[Numpy-discussion] Fastest way to compute summary statistics for a specific axis

Dave Hirschfeld dave.hirschfeld at gmail.com
Tue Mar 17 07:41:37 EDT 2015


Sebastian Berg <sebastian <at> sipsolutions.net> writes:

> 
> On Mo, 2015-03-16 at 15:53 +0000, Dave Hirschfeld wrote:
> > I have a number of large arrays for which I want to compute the mean 
and 
> > standard deviation over a particular axis - e.g.
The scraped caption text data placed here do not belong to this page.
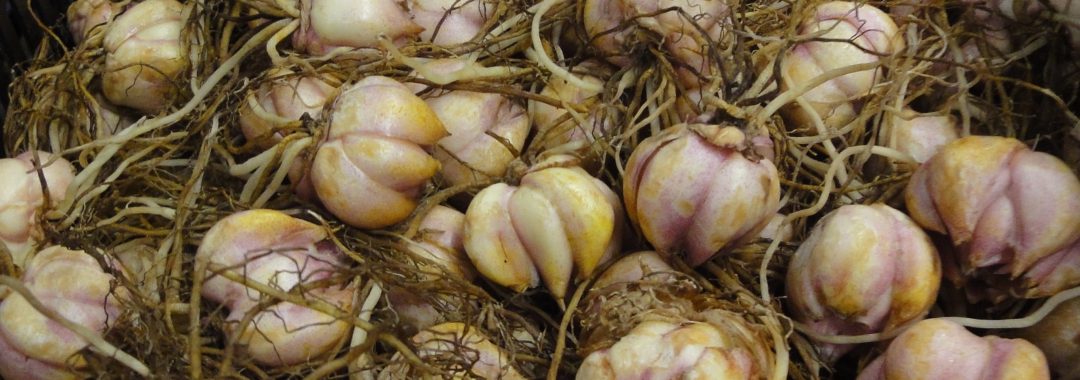 leliebollen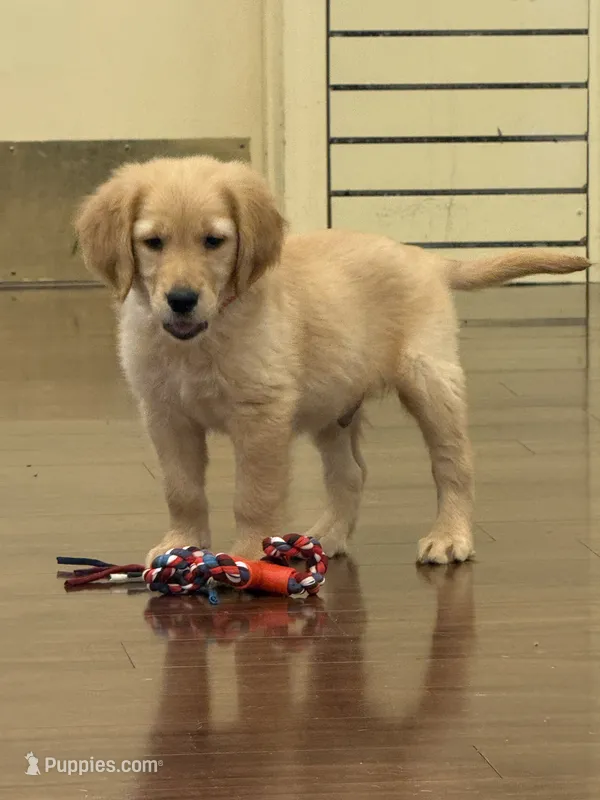Bear – Golden Retriever, English Cream Golden Retriever puppy for sale in Hampden, MA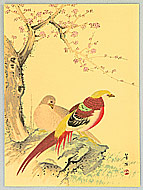 Hobun Kikuchi 1862-1918 - Two Chinese Pheasants - artelino Art Auctions. Hobun Kikuchi 1862-1918 - Two Chinese Pheasants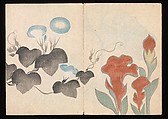 Volume 1, pages 21, 22. Morning glory and plumed cockscomb Kōrin Picture Album (Kōrin gafu) 光琳画譜, Nakamura Hōchū 中村芳中 (Japanese, died 1819), Woodblock printed book in two volumes (orihon, accordion-style); ink and color on paper, Japan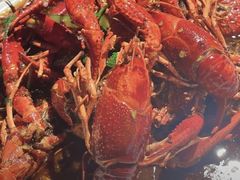 -辣皇朝小龙虾(六一店)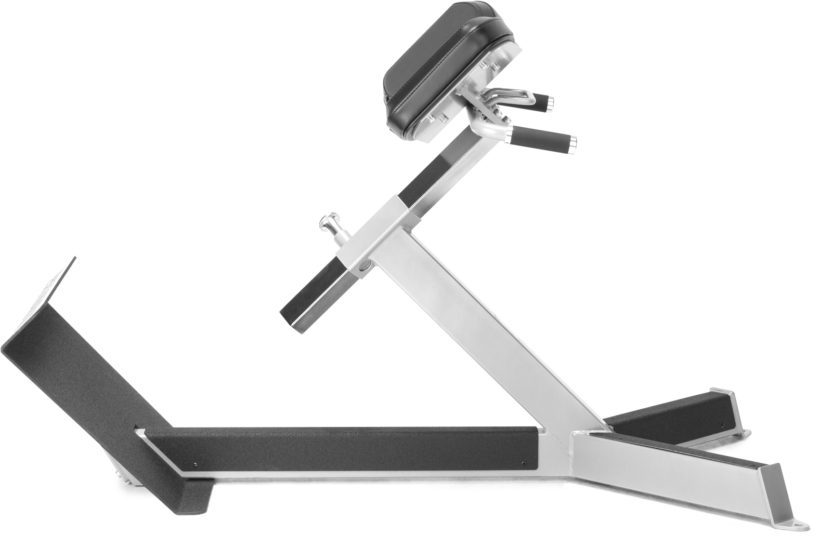 FreeMotion EF206 45° Back Extension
I want to compute 
the 
> > statistics for axis=1 as if the other axes were combined so that in 
the 
> > example below I get two values back
> > 
> > In [1]: a = randn(30, 2, 10000)
> > 
> > For the mean this can be done easily like:
> > 
> > In [2]: a.mean(0).mean(-1)
> > Out[2]: array([ 0.0007, -0.0009])
> > 
> 
> If you have numpy 1.7+ (which I guess by now is basically always the
> case), you can do a.mean((0, 1)). Though it isn't actually faster in
> this example, probably because it has to use buffered iterators and
> things, but I would guess the performance should be much more stable
> depending on memory order, etc. then any other method.
> 
> - Sebastian
> 


Wow, I didn't know you could even do that - that's very cool (and a lot 
cleaner than manually reordering & reshaping)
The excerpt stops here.